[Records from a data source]
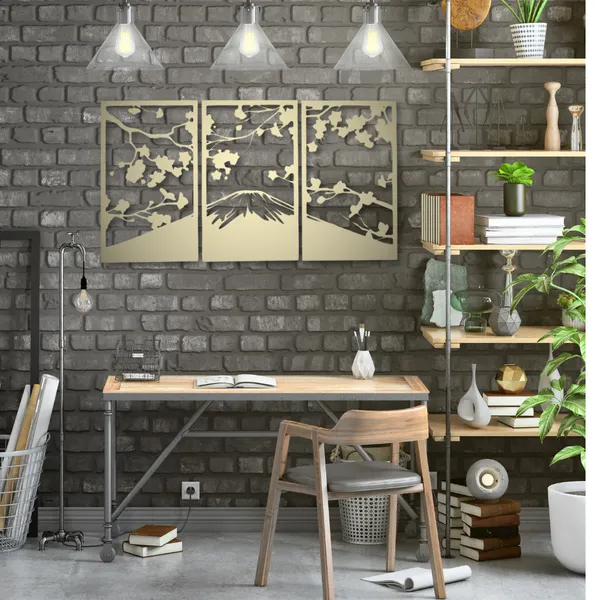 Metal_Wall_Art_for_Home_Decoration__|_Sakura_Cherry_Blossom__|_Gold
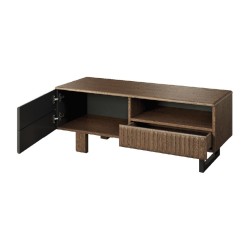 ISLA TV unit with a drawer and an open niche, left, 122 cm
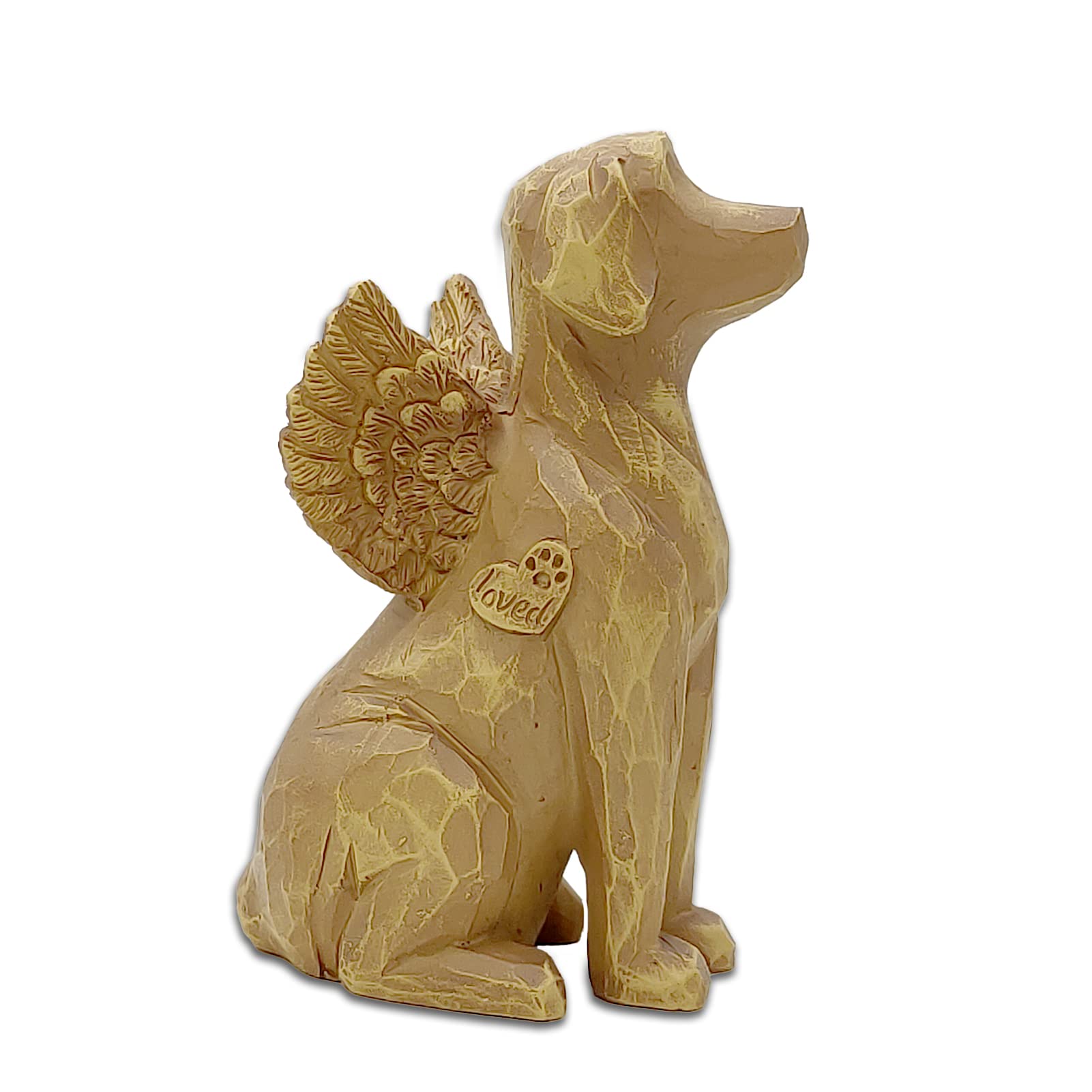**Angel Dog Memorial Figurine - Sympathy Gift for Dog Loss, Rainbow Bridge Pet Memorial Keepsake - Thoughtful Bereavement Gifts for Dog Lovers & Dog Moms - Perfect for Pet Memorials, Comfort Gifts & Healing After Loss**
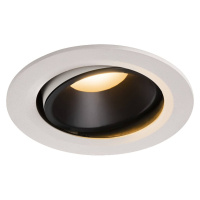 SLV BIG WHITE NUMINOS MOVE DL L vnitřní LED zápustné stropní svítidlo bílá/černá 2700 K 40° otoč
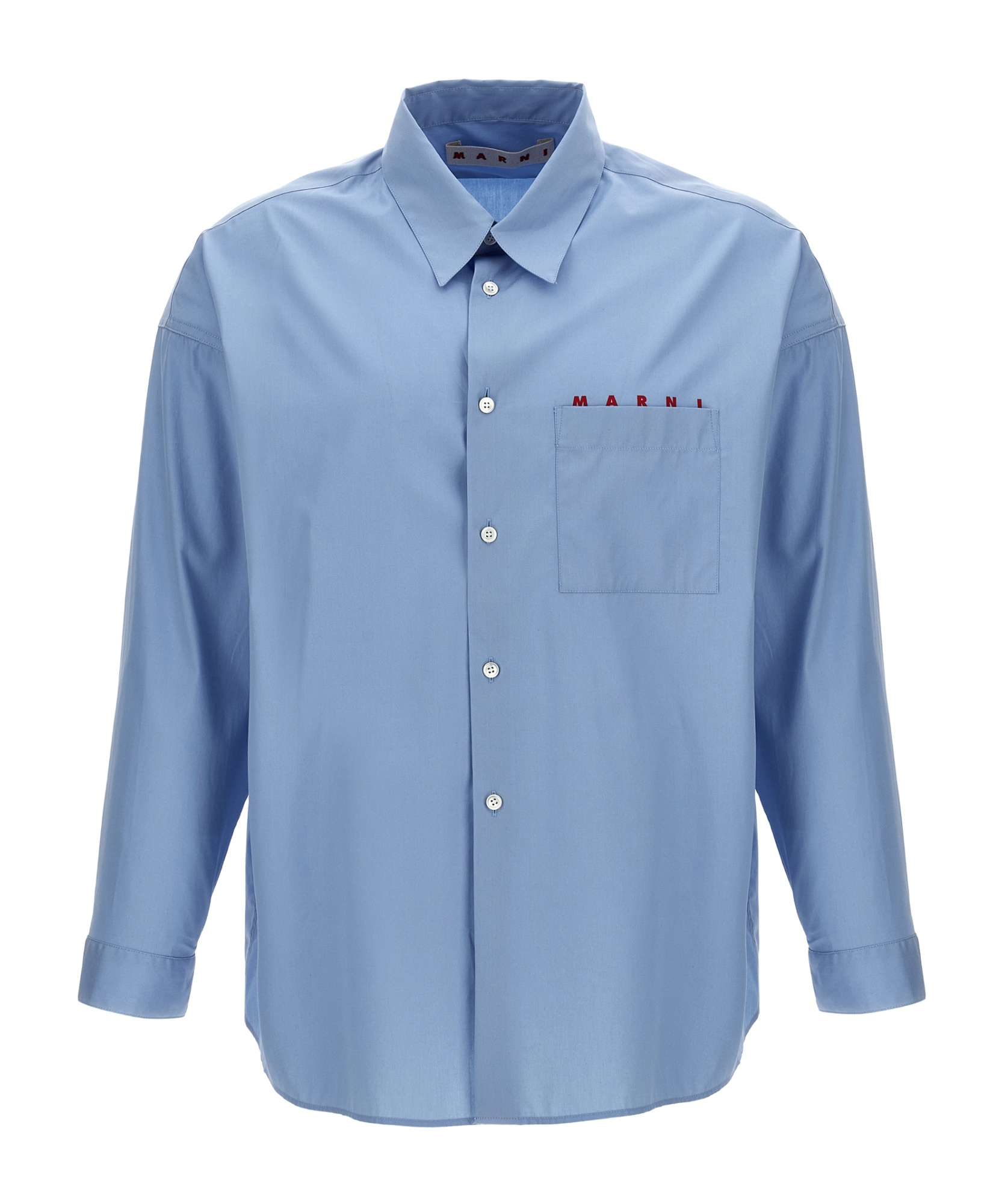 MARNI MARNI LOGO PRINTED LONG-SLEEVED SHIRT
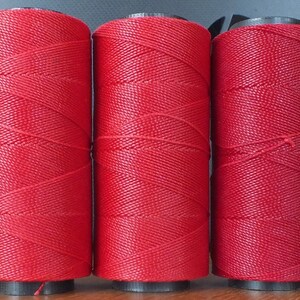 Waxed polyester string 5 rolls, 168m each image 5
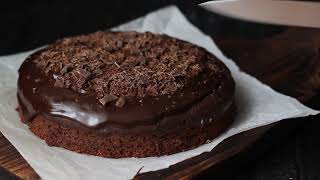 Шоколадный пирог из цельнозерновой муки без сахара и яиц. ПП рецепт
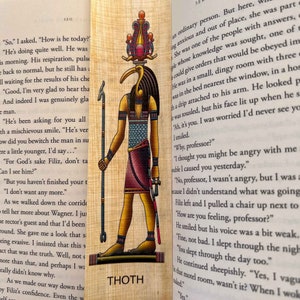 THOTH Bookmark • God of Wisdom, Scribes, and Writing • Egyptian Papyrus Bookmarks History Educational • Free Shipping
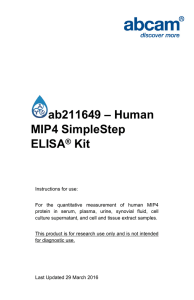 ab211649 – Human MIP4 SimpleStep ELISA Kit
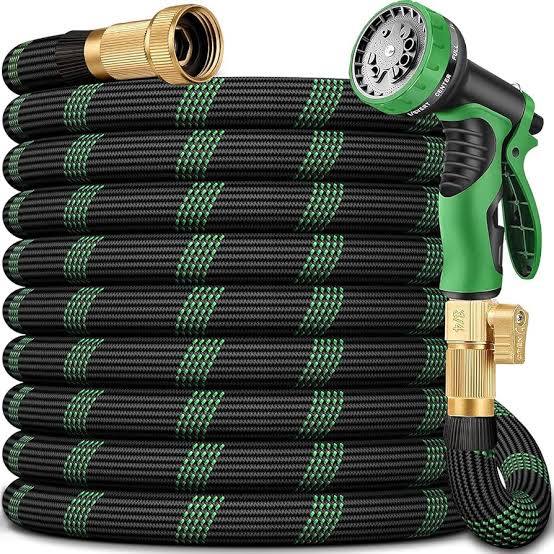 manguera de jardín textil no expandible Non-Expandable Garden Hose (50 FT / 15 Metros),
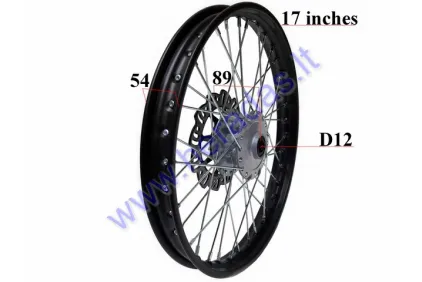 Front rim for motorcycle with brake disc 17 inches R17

:: TASK DETAILS ::
The answer is the full set of records printed exactly, less the pictures.

:: TASK SOLUTION ::
 Metal_Wall_Art_for_Home_Decoration__|_Sakura_Cherry_Blossom__|_Gold
 ISLA TV unit with a drawer and an open niche, left, 122 cm
**Angel Dog Memorial Figurine - Sympathy Gift for Dog Loss, Rainbow Bridge Pet Memorial Keepsake - Thoughtful Bereavement Gifts for Dog Lovers & Dog Moms - Perfect for Pet Memorials, Comfort Gifts & Healing After Loss**
 SLV BIG WHITE NUMINOS MOVE DL L vnitřní LED zápustné stropní svítidlo bílá/černá 2700 K 40° otoč
 MARNI MARNI LOGO PRINTED LONG-SLEEVED SHIRT
 Waxed polyester string 5 rolls, 168m each image 5
 Шоколадный пирог из цельнозерновой муки без сахара и яиц. ПП рецепт
 THOTH Bookmark • God of Wisdom, Scribes, and Writing • Egyptian Papyrus Bookmarks History Educational • Free Shipping
 ab211649 – Human MIP4 SimpleStep ELISA Kit
 manguera de jardín textil no expandible Non-Expandable Garden Hose (50 FT / 15 Metros),
 Front rim for motorcycle with brake disc 17 inches R17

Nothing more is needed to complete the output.